TASK DIRECTIONS ::
Pictures stay out of the output. Return exactly the lines below from the one with "Max, Adoptable, Young" down to the one with "November 2025 - October", both included, and nothing more.

ENTRIES PROVIDED ::
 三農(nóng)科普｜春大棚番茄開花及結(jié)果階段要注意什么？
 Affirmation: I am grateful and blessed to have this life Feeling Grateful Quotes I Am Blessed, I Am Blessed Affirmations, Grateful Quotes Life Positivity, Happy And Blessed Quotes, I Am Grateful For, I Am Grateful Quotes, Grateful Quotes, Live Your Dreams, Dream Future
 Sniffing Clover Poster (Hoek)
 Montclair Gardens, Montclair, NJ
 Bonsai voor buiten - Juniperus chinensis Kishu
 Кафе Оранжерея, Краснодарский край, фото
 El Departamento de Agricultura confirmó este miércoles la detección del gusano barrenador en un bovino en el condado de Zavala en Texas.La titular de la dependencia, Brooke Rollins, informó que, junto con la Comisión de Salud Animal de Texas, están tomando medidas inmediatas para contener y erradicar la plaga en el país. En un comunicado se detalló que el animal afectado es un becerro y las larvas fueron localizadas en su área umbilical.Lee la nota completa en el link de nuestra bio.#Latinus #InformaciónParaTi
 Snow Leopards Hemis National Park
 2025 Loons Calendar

...

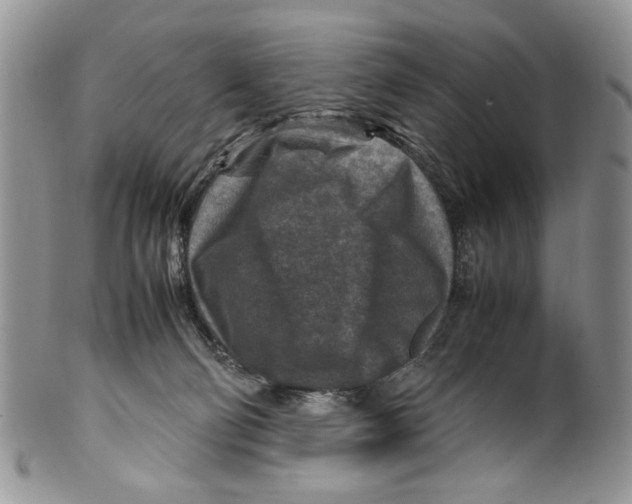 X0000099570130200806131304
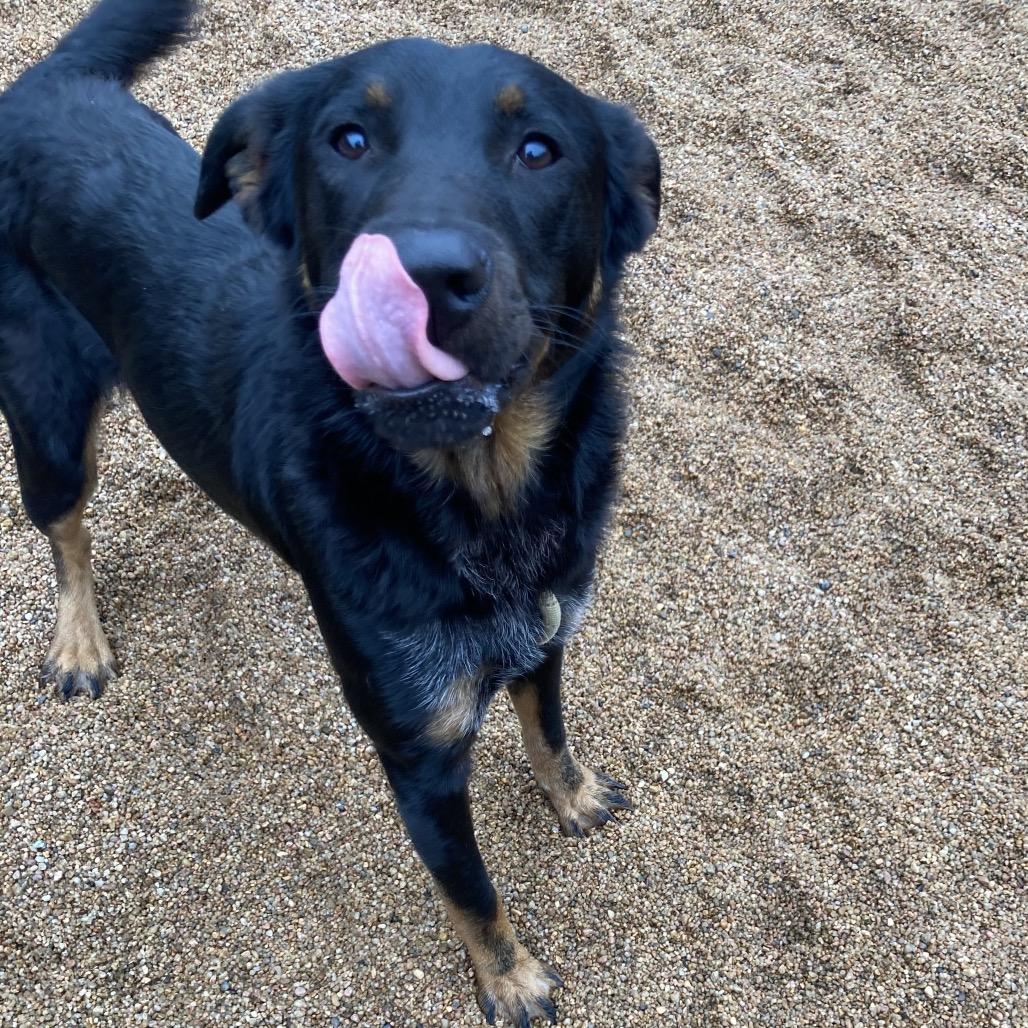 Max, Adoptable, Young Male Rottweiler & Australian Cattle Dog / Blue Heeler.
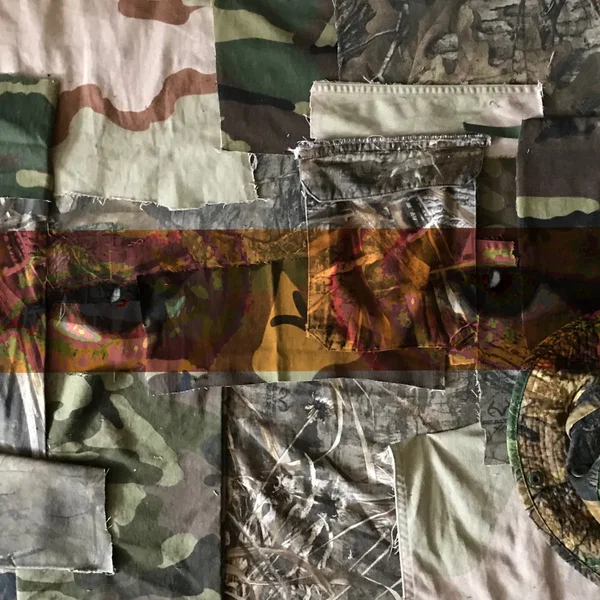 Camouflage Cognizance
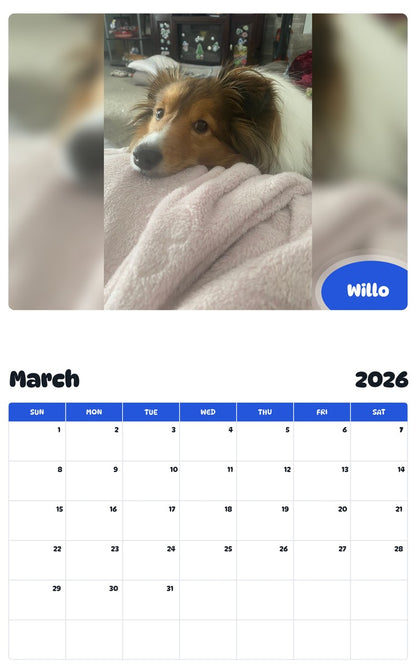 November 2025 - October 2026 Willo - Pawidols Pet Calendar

EXERCISE OUTPUT ::
 Max, Adoptable, Young Male Rottweiler & Australian Cattle Dog / Blue Heeler.
 Camouflage Cognizance
 November 2025 - October 2026 Willo - Pawidols Pet Calendar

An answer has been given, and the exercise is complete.